Read more: Expert: Spotting COVID-19 first doesn't make China origin of virus

Italy's first COVID-19 patient was detected on February 21 in a little town near Milan, in the northern region of Lombardy.

But the Italian researchers' findings, published by the INT's scientific magazine Tumori Journal, show that 11.6 percent of the 959 healthy volunteers enrolled in a lung cancer screening trial between September 2019 and March 2020, had developed coronavirus antibodies well before February.

A further specific SARS-CoV-2 antibodies test was carried out by the University of Siena for the same research titled "Unexpected detection of SARS-CoV-2 antibodies in the pre-pandemic period in Italy."

It showed that four cases dated back to the first week of October were also positive for antibodies neutralizing the virus, meaning they had got infected in September, Giovanni Apolone, a co-author of the study, told Reuters.

"This is the main finding: people with no symptoms not only were positive after the serological tests but had also antibodies able to kill the virus," Apolone said.

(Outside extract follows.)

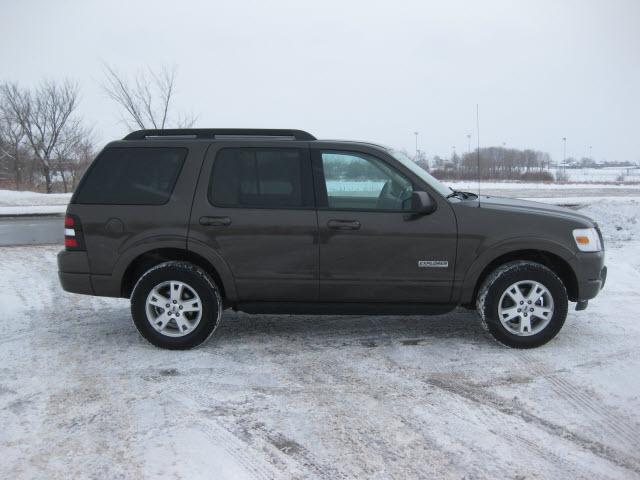 Ford Explorer 2008 photo 1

"It means that the new coronavirus can circulate among the population for long and with a low rate of lethality not because it is disappearing but only to surge again," he added.

Italian researchers told Reuters in March that they reported a higher than usual number of cases of severe pneumonia and flu in Lombardy in the last quarter of 2019 in a sign that the new coronavirus might have circulated earlier than previously thought.